WORK ITEM. Copy task, pictures excluded: set down exactly the lines from the one containing "Quiksilver Mens Black" to the end of the data below.

SOURCE MATERIAL.
****************

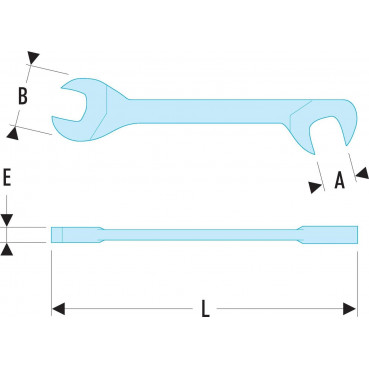 Clé plate Facom (fourche) "micro mécanique" tête inclinée à 15° et 75° - longueur 70mm | 34.3.2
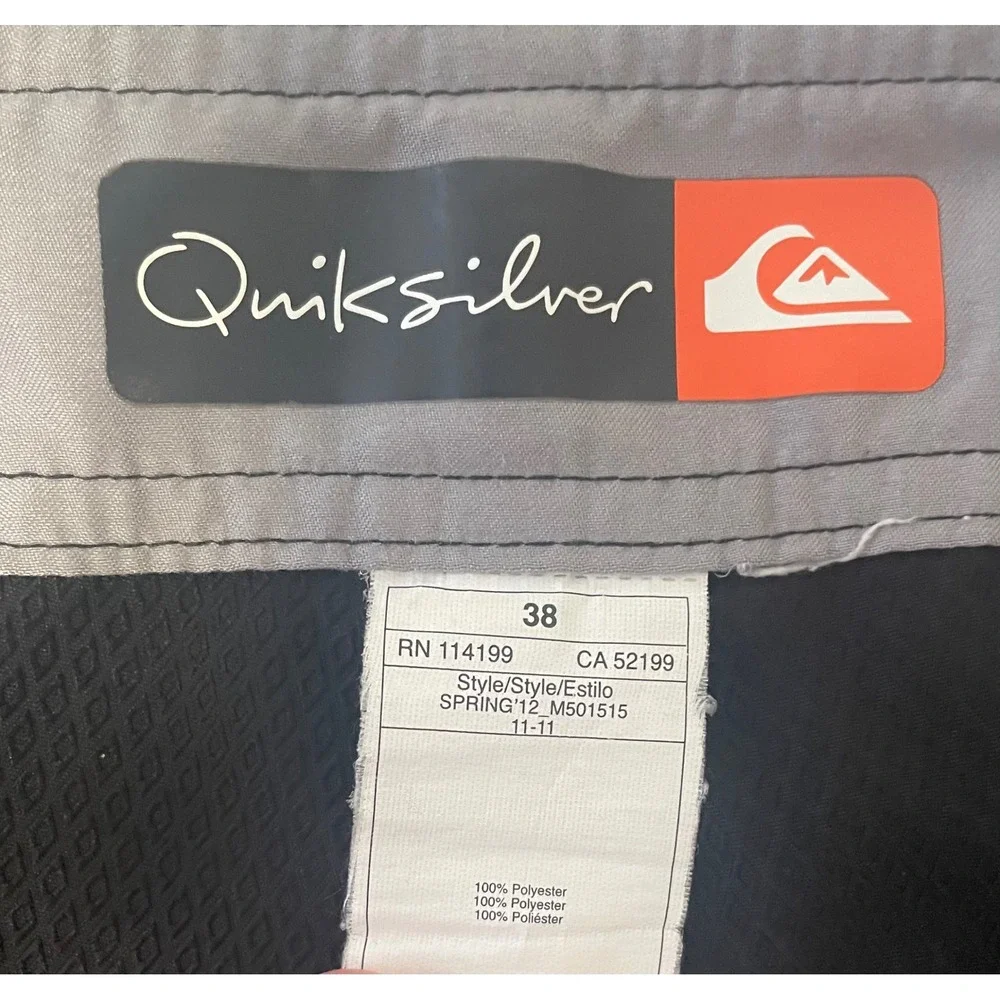Quiksilver Mens Black Board Shorts Swim Trunks Size 38 Contrast Stitch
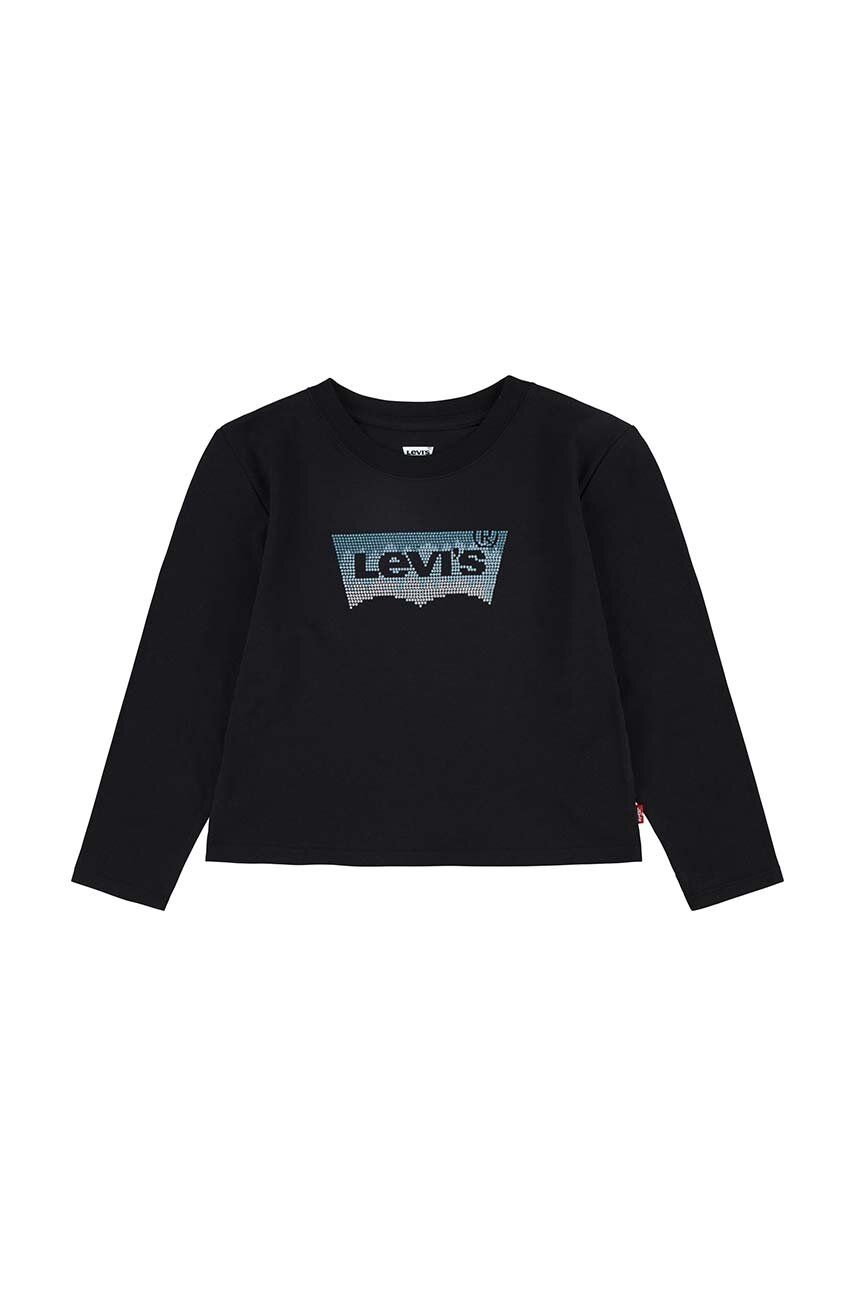 Dětské tričko s dlouhým rukávem Levi's černá barva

****************

OUTPUT FOR THIS EXERCISE.
Quiksilver Mens Black Board Shorts Swim Trunks Size 38 Contrast Stitch
 Dětské tričko s dlouhým rukávem Levi's černá barva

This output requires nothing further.